[EXERCISE PROMPT] What you return should be only the lines in the entries below between the one holding "Decorarea paturilor de" and the one holding "My old adorable bunnies", ends included, with every picture left out.

[MATERIAL TO PROCESS]
*** Begin section ***
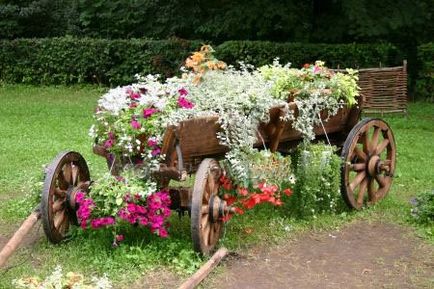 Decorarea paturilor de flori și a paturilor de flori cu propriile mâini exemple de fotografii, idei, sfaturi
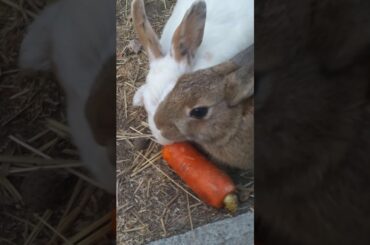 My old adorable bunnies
*** End section ***
*** Begin section ***
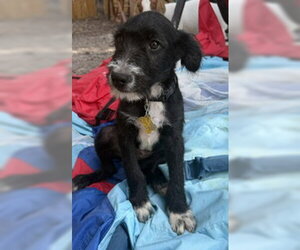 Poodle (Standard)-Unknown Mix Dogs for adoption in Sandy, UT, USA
*** End section ***
*** Begin section ***
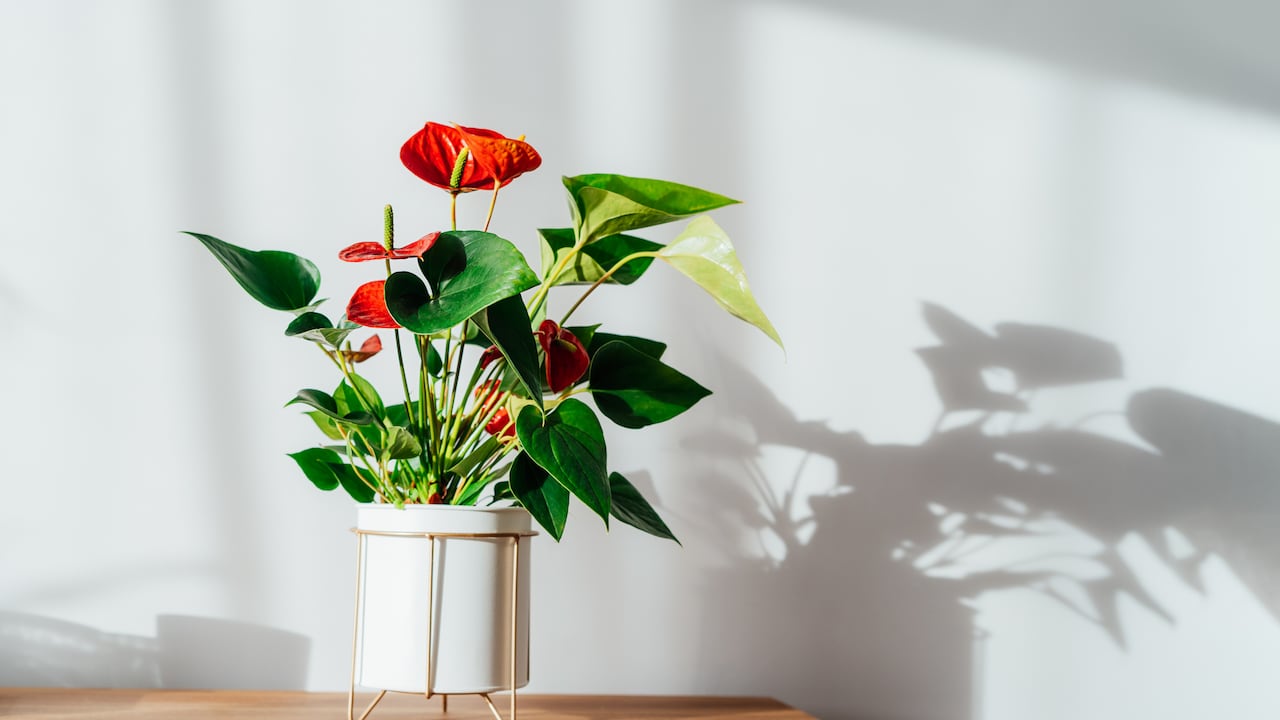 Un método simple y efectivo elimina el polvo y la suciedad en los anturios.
*** End section ***
[YOUR RESPONSE]
 Decorarea paturilor de flori și a paturilor de flori cu propriile mâini exemple de fotografii, idei, sfaturi
 My old adorable bunnies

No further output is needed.